GetBatch API: faster data retrieval for ML workloads

Oct 06, 2025·Abhishek Gaikwad

aistoremllhotsebenchmarkoptimizationenhancements

ML training and inference typically operate on batches of samples or data items. To simplify such workflows, AIStore 4.0 introduces the GetBatch API.

The API returns a single ordered archive - TAR by default - containing the requested objects and/or sharded files.

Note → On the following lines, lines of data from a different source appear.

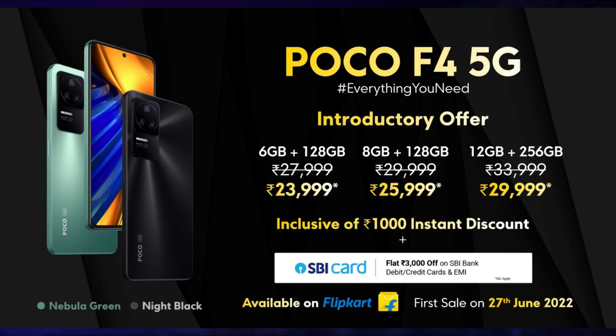This smartphone is launched in 3 variants. The price of the 6GB/128GB variant is Rs. 27,999, but during the introductory offer, it is priced at Rs. 23,999. The price of the 8GB/128GB variant is Rs. 29,999, but during the introductory offer, it is priced at Rs. 25,999. And the price of the 12GB/256GB variant is Rs. 33,999, but during the introductory offer, it is priced at Rs. 29,999.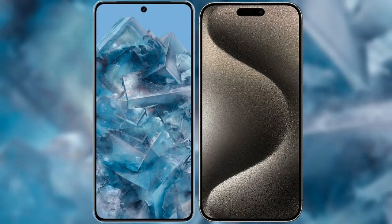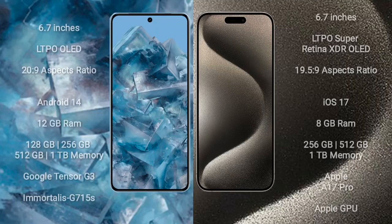I will compare the new Google Pixel 8 Pro with iPhone 15 Pro Max. Google Pixel 8 Pro comes with a 6.7-inch LTPO LED display and refresh rate up to 120Hz. iPhone 15 Pro Max comes with a 6.7-inch LTPO Super Retina XDR LED display and refresh rate up to 120Hz.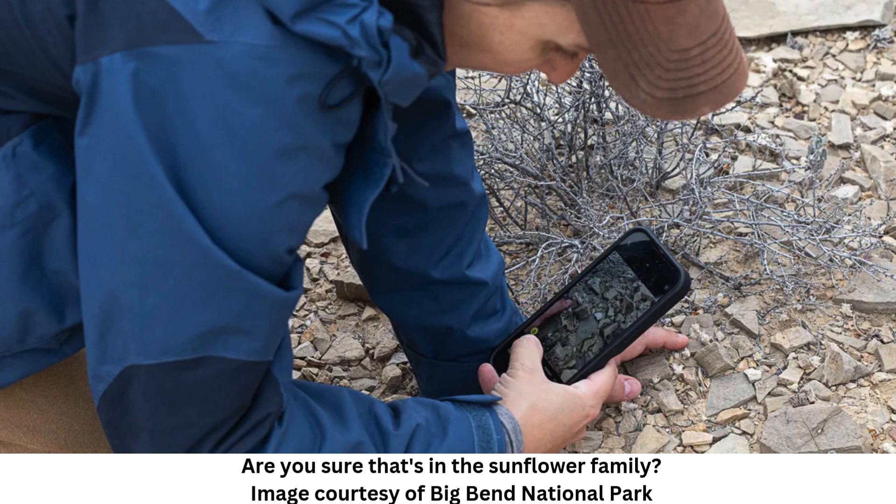The last time a new plant genus was documented in a U.S. national park was nearly 50 years ago, when the July Gold — Decora uricensis — shrub was discovered in Death Valley National Park.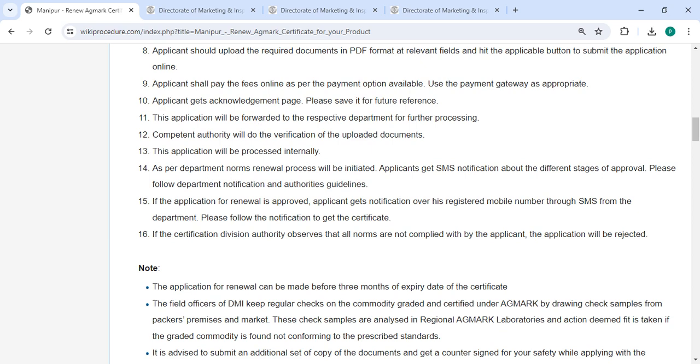After payment, you will get the acknowledgement page — please save it for future reference. This application will be forwarded to the respective department for further processing. The competent authority will do the verification of the uploaded documents.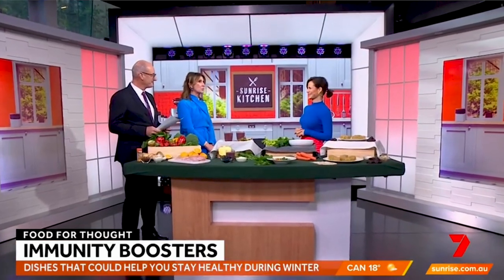Flu season is here, but studies have shown some foods could help boost your immunity and keep you healthy this winter. Sunrise nutritionist Sarah DiLorendo is live to tell us more. Good morning! Firstly, what foods might help boost your immunity?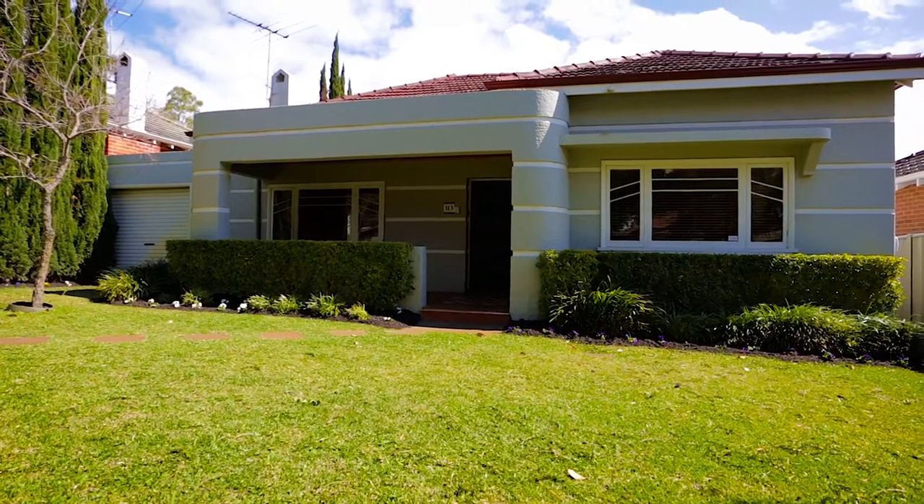Welcome to 113 Holland Street, Wembley. My name is Enzo Pagnozzi and I'm the Principal of Growth Ruralty.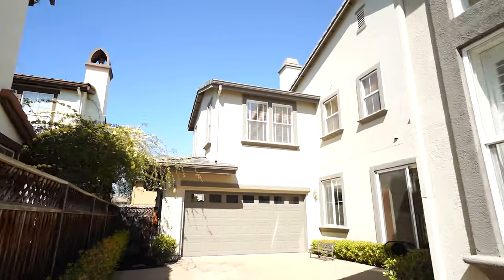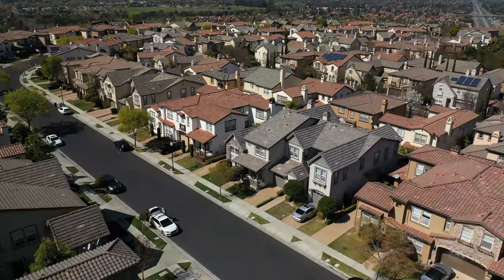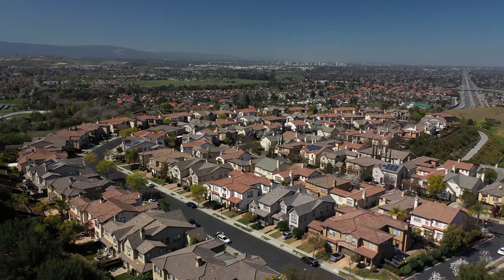This home has a two-car garage and a long driveway that provides a lot of parking space. The location is awesome — you're only two minutes from Highway 101. You have fantastic Evergreen schools, and it's just majestic out here. It's quiet — can you hear anything? No, I love it.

A given GetBatch may specify any number of items and span any number of buckets.

From the caller’s perspective, each request behaves like a regular synchronous GET, but you can read multiple batches in parallel.

Inputs may mix plain objects with any of the four supported shard formats (.tar, .tgz/.tar.gz, .tar.lz4, .zip), and outputs can use the same formats (default: TAR).

Ordering is strict: ask for data items named A, B, C - and the resulting batch will contain A, then B, then C.

Items A, B, C, etc. can reference plain objects or sharded files, stored locally or in remote cloud buckets.

Two delivery modes are available. The streaming path starts sending as the resulting payload is assembled. The multipart path returns two parts: a small JSON header (apc.MossOut) with per-item status and sizes, followed by the archive payload.

Get-Batch provides the largest gains for small-to-medium object sizes, where it effectively amortizes TCP and connection-setup overheads across multiple requests. For larger objects, overall performance improvement tapers off because the data transfer time dominates total latency, making the per-request network overhead negligible in comparison.

GetBatch: single-worker speed-up

Fig. 1. Up to 25x single-worker speed-up in early benchmarks.

The graph plots speed-up factor (Y-axis) against object size (X-axis), showing how batch size (100, 1K, 10K objects per batch) and object size affect performance. Each test used 10k objects on a 3-node AIStore cluster (48 CPUs, 187 GiB RAM, 10×9.1 TiB disks per node). The gains come from reducing per-request TCP overhead and parallelizing object fetches.

PS. Cluster-wide multi-worker benchmarks are in progress and will be shared soon.